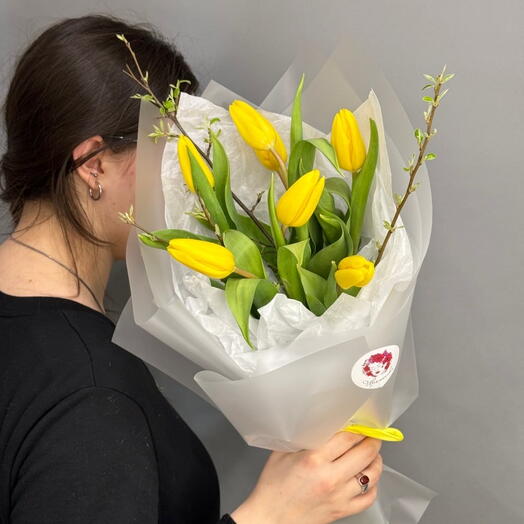 Монобукет из тюльпанов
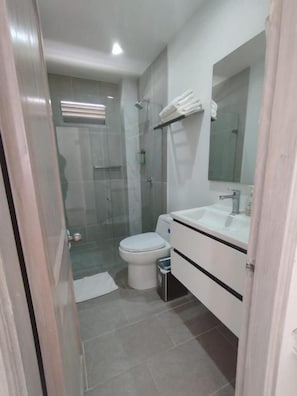 A bathroom with a toilet, sink, and shower. - Casa Villa Colonial By Akel Hotels (Cartagena de Indias)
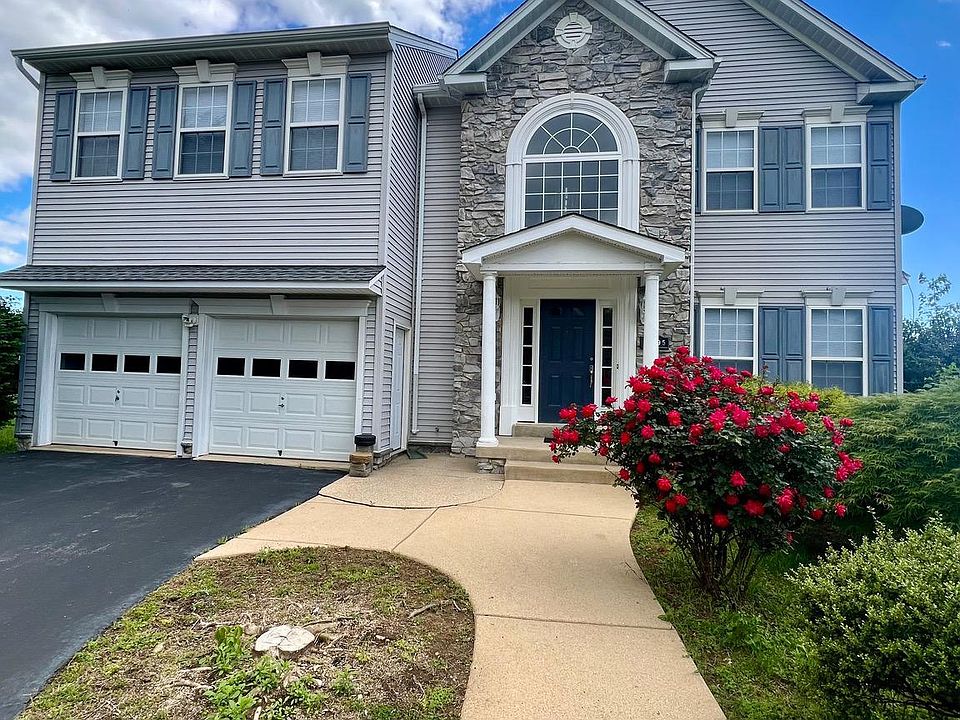 1st image of 46095 N Greens Rest Dr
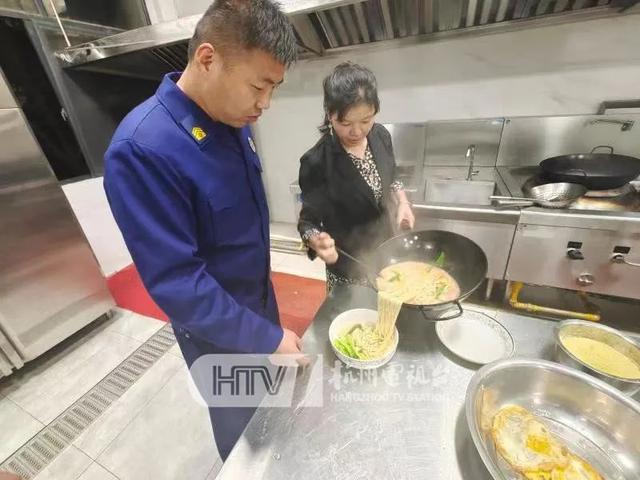 温暖!不远千里“送”来一碗面…休闲区蓝鸢梦想 - Www.slyday.coM 温暖!不远千里“送”来一碗面…休闲区蓝鸢梦想 - Www.slyday.coM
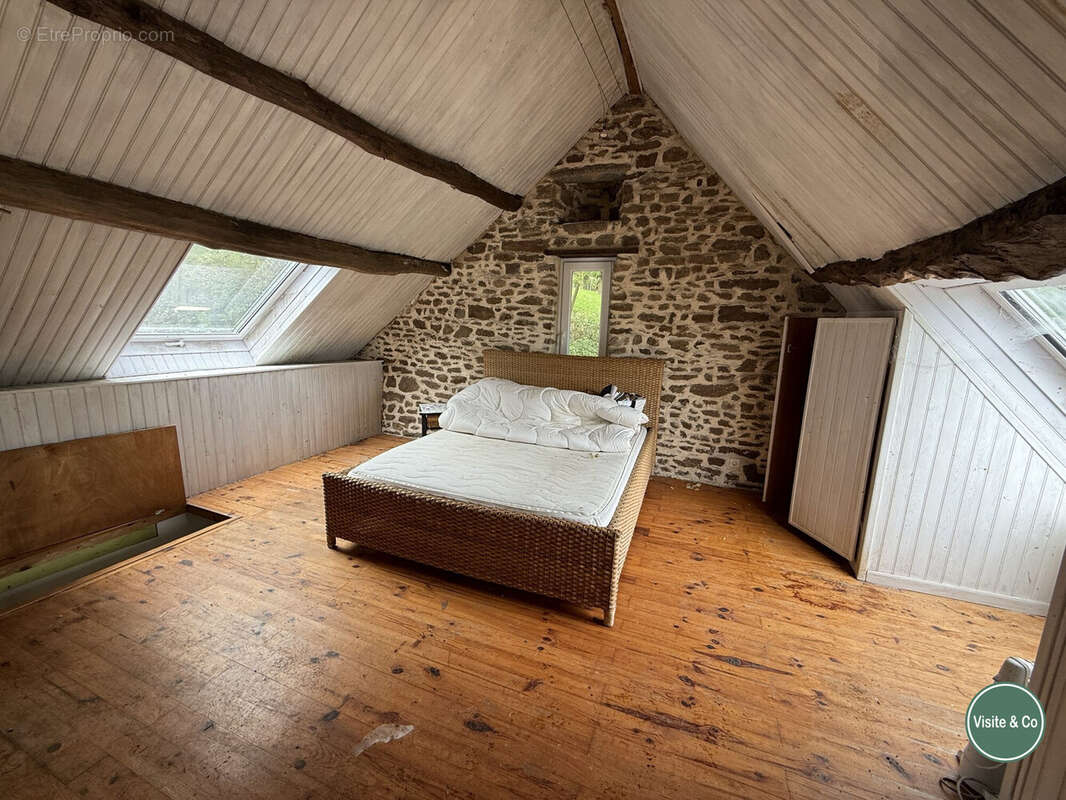 Maison à LA LANDE-DE-LOUGE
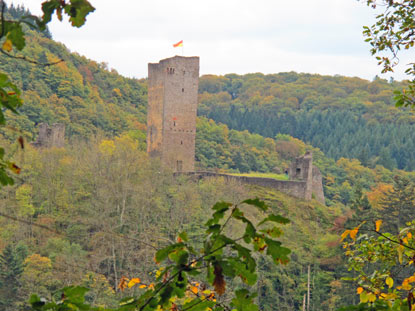 Eifelsteig: Blick auf die Oberburg von Manderscheid 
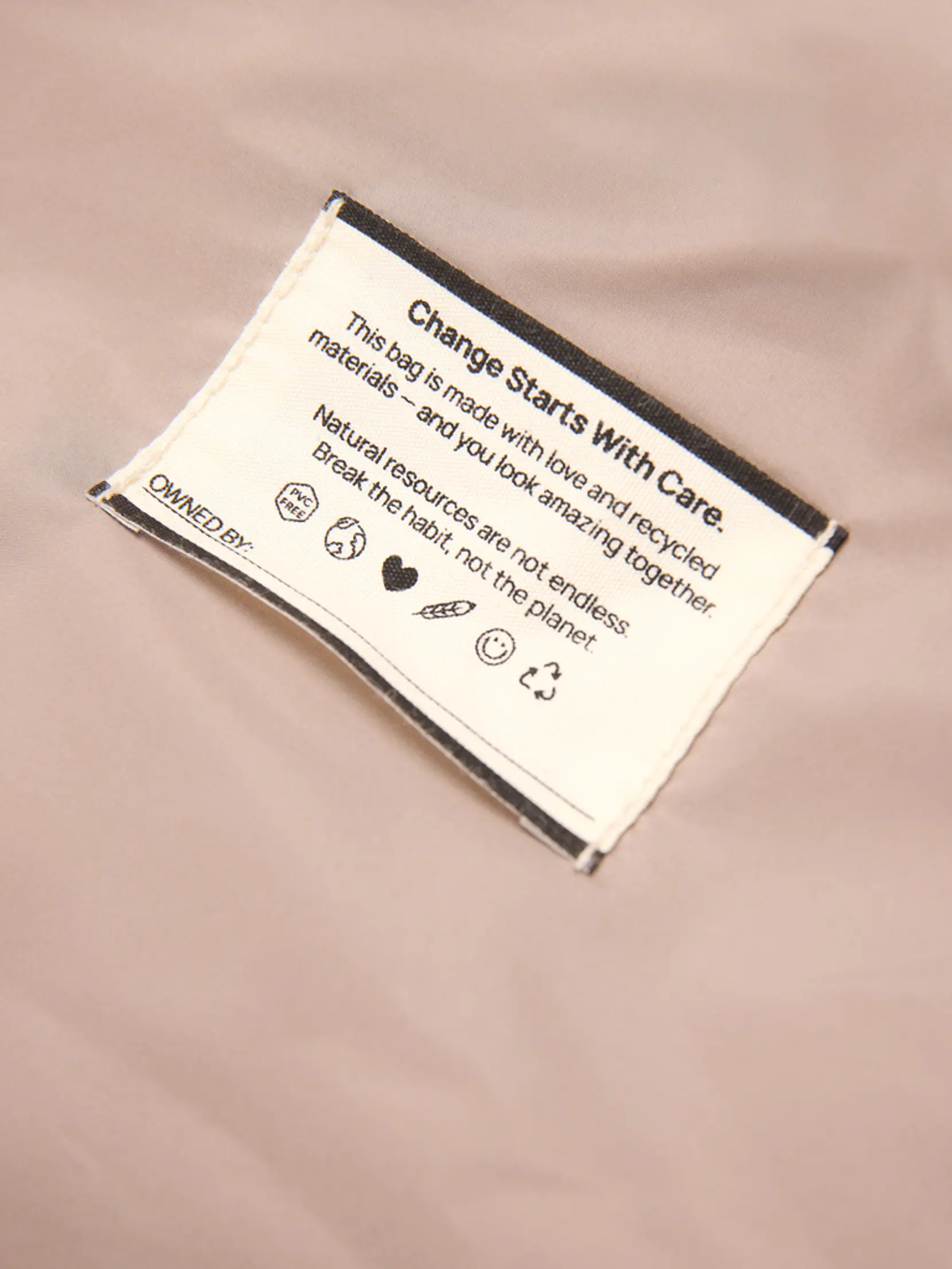 Bild på KENTO URBAN RCS återvunnen nylon 15.6" Axelväska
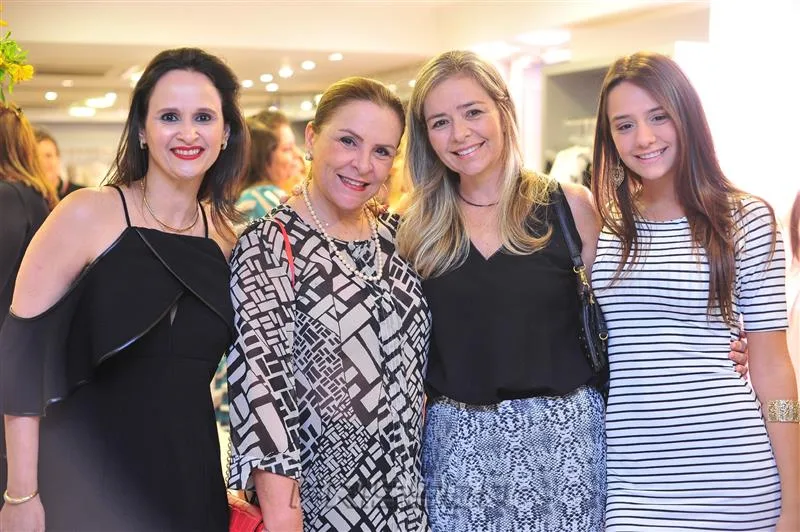Adriana Miranda, Beatriz Fiúza, Ana Beatriz e Roberta Browne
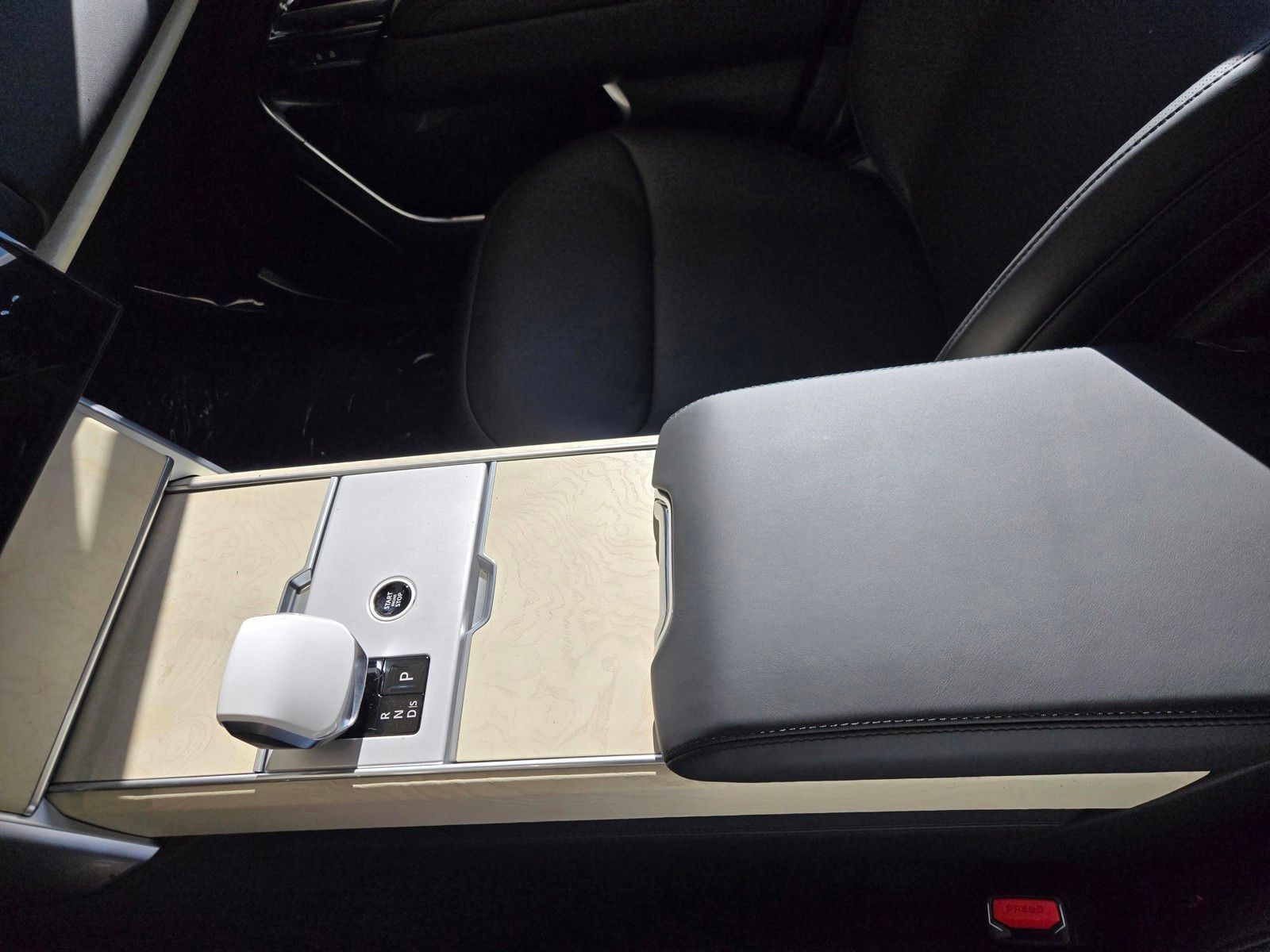 2026 Land Rover Range Rover SV - Photo 15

----

▸ WHAT IS BEING ASKED
The output is to be the material in full and unaltered, with pictures omitted.

▸ YOUR SOLUTION
 Монобукет из тюльпанов
 A bathroom with a toilet, sink, and shower. - Casa Villa Colonial By Akel Hotels (Cartagena de Indias)
 1st image of 46095 N Greens Rest Dr
 温暖!不远千里“送”来一碗面…休闲区蓝鸢梦想 - Www.slyday.coM 温暖!不远千里“送”来一碗面…休闲区蓝鸢梦想 - Www.slyday.coM
 Maison à LA LANDE-DE-LOUGE
 Eifelsteig: Blick auf die Oberburg von Manderscheid 
 Bild på KENTO URBAN RCS återvunnen nylon 15.6" Axelväska
Adriana Miranda, Beatriz Fiúza, Ana Beatriz e Roberta Browne
 2026 Land Rover Range Rover SV - Photo 15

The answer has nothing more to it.